### What is being asked
Retype the lines below exactly, but only those from the line that has "Placemat IEZZY Japanse" through the line that has "Polo Sweater Top". Omit every picture.

### Given information
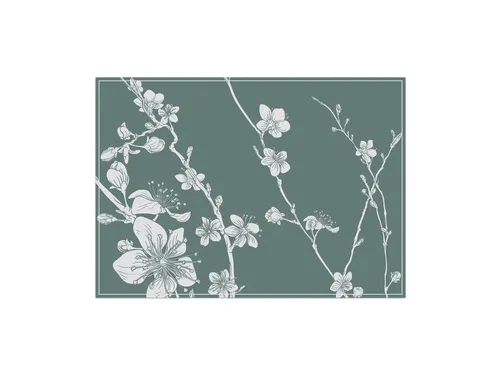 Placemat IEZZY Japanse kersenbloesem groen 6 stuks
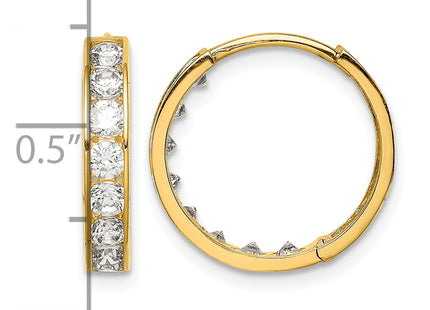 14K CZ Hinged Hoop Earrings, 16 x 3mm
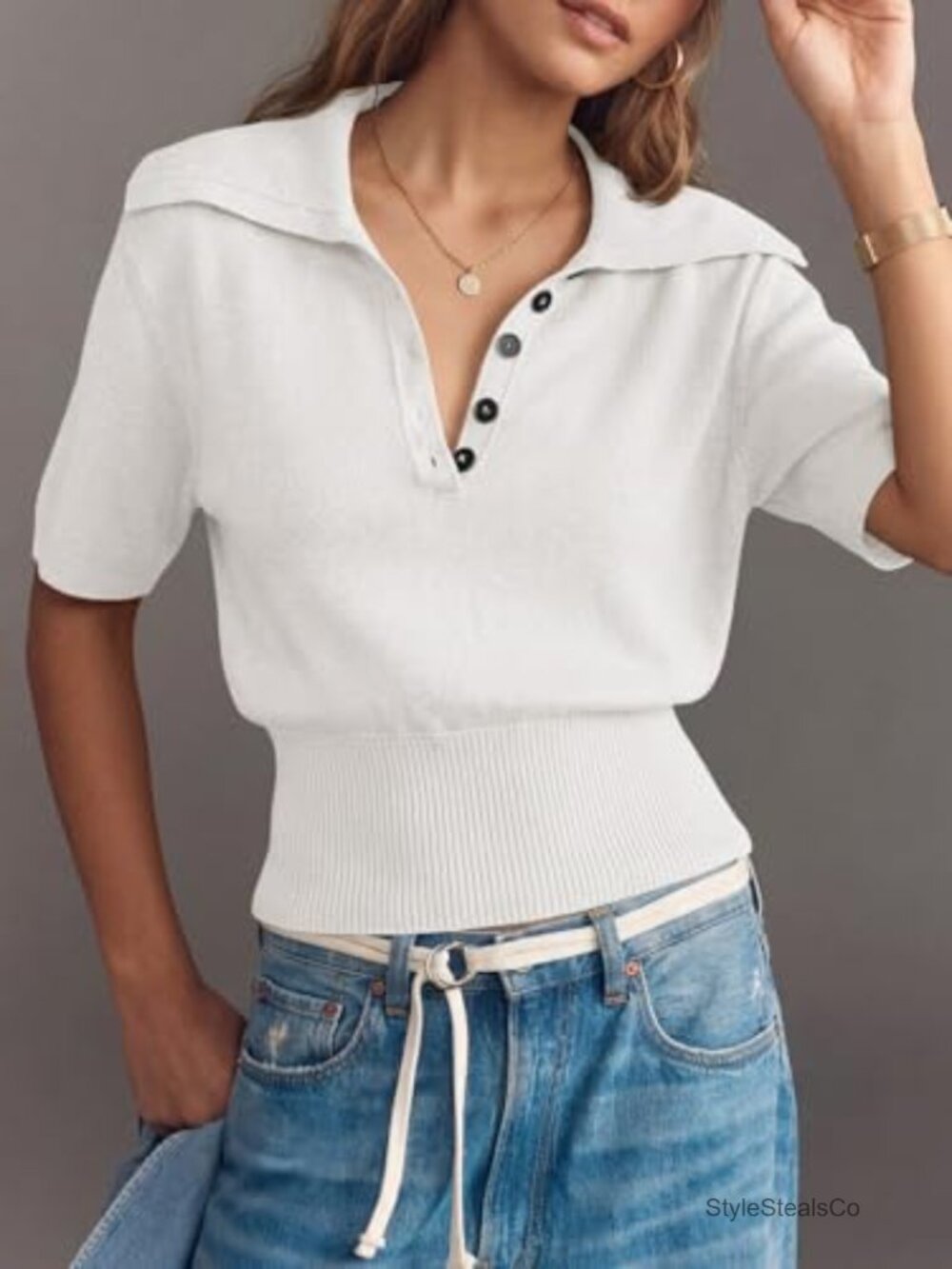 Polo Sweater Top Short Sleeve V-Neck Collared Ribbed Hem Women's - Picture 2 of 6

--

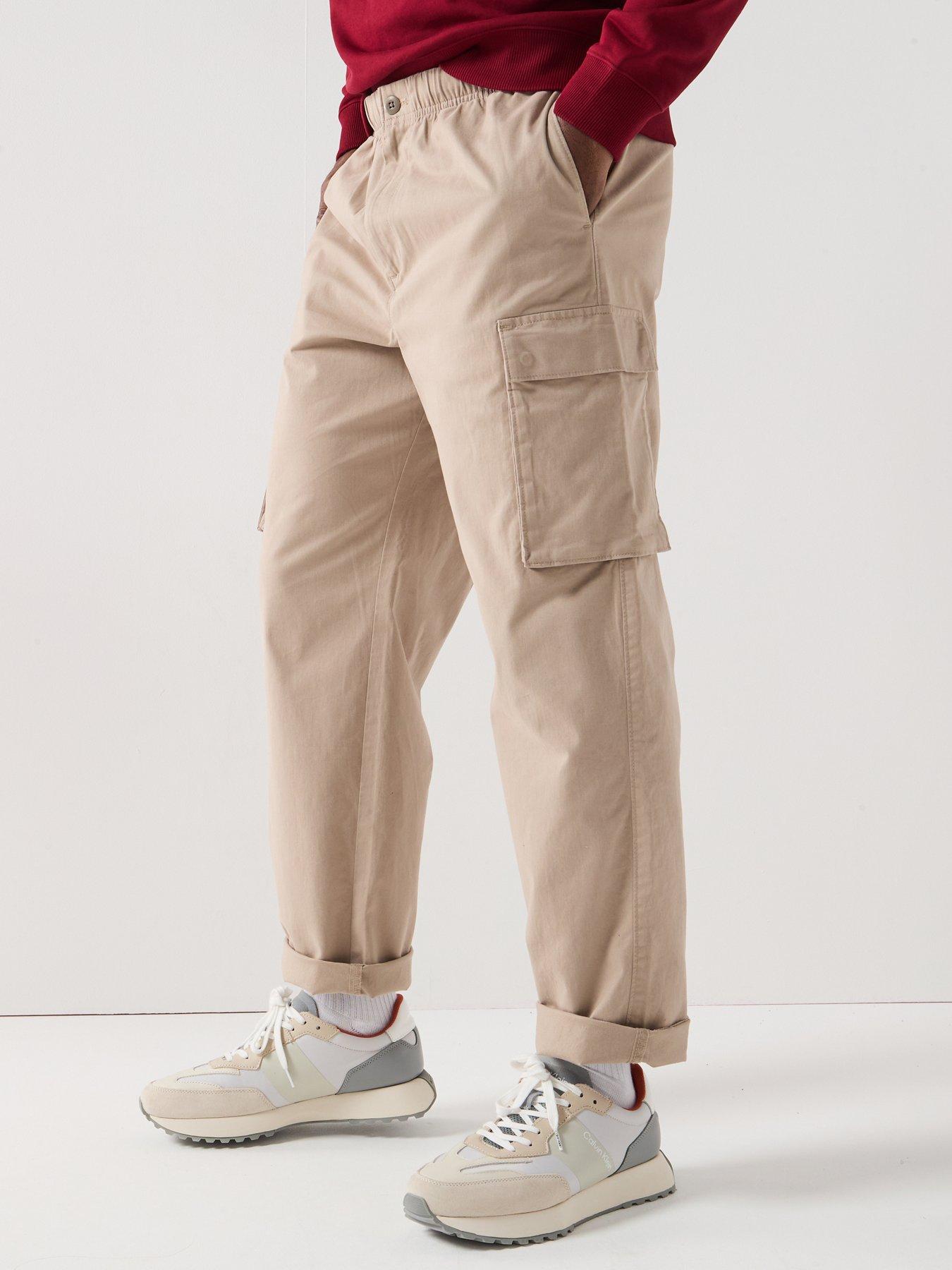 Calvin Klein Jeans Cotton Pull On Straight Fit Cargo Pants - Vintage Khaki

* * *

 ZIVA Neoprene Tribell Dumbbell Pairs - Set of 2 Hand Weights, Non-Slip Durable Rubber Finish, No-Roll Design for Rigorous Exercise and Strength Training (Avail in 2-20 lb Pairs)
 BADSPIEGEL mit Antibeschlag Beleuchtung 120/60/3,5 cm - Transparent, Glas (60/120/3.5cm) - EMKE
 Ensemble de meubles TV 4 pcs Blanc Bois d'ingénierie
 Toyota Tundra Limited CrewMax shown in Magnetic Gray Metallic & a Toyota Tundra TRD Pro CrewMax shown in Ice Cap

### Answer section
 Placemat IEZZY Japanse kersenbloesem groen 6 stuks
 14K CZ Hinged Hoop Earrings, 16 x 3mm
 Polo Sweater Top Short Sleeve V-Neck Collared Ribbed Hem Women's - Picture 2 of 6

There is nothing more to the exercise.